**REQUIRED ACTION:**
Return the lines below exactly, please, from the one containing "Manuka Modal Ruched Long Skirt Brown" through the last one, both included, and leave out any pictures.

═════ SOURCE INFORMATION

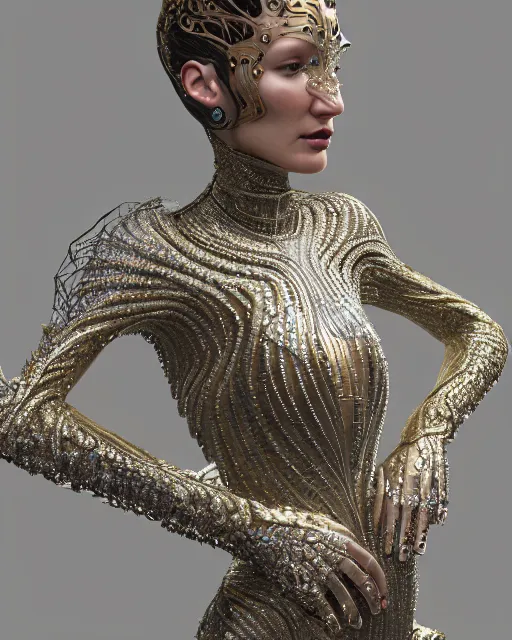 Prompt: a highly detailed metahuman 4 k close up render of a bella hadid in balenciaga monument renaissance in iris van herpen dress schiaparelli in diamonds crystals swarovski and jewelry iridescent in style of alphonse mucha gustav klimt trending on artstation made in unreal engine 4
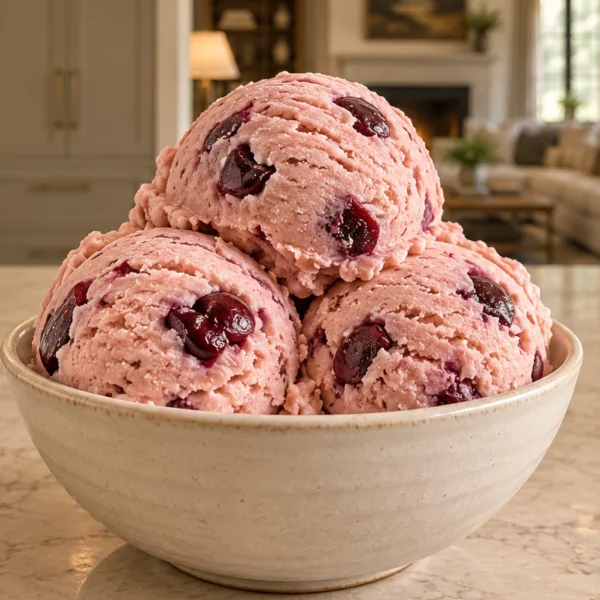 Dairy-free cherry cheesecake ice cream in the WFLI Photo House kitchen
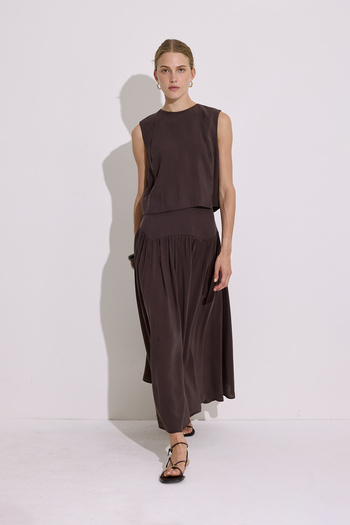 Manuka Modal Ruched Long Skirt Brown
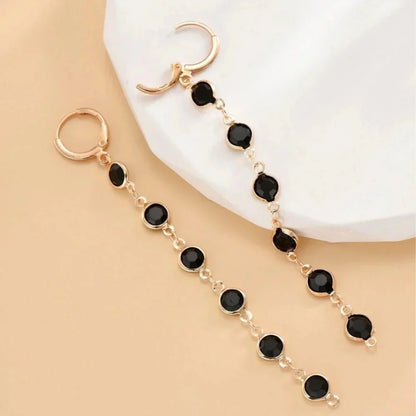 Sparkling Gemstone Circle Earrings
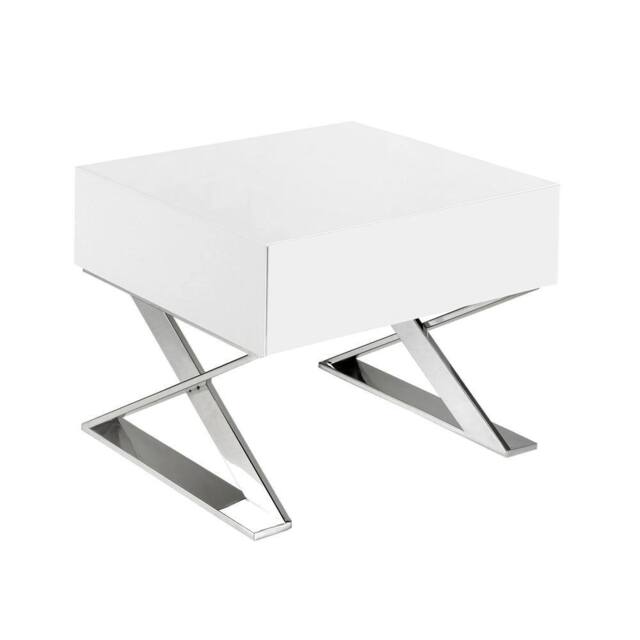 Angel Cerda White MDF Bedside Table with Chromed Stainless Steel - image 1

══════════

**WRITTEN ANSWER:**
 Manuka Modal Ruched Long Skirt Brown
 Sparkling Gemstone Circle Earrings
 Angel Cerda White MDF Bedside Table with Chromed Stainless Steel - image 1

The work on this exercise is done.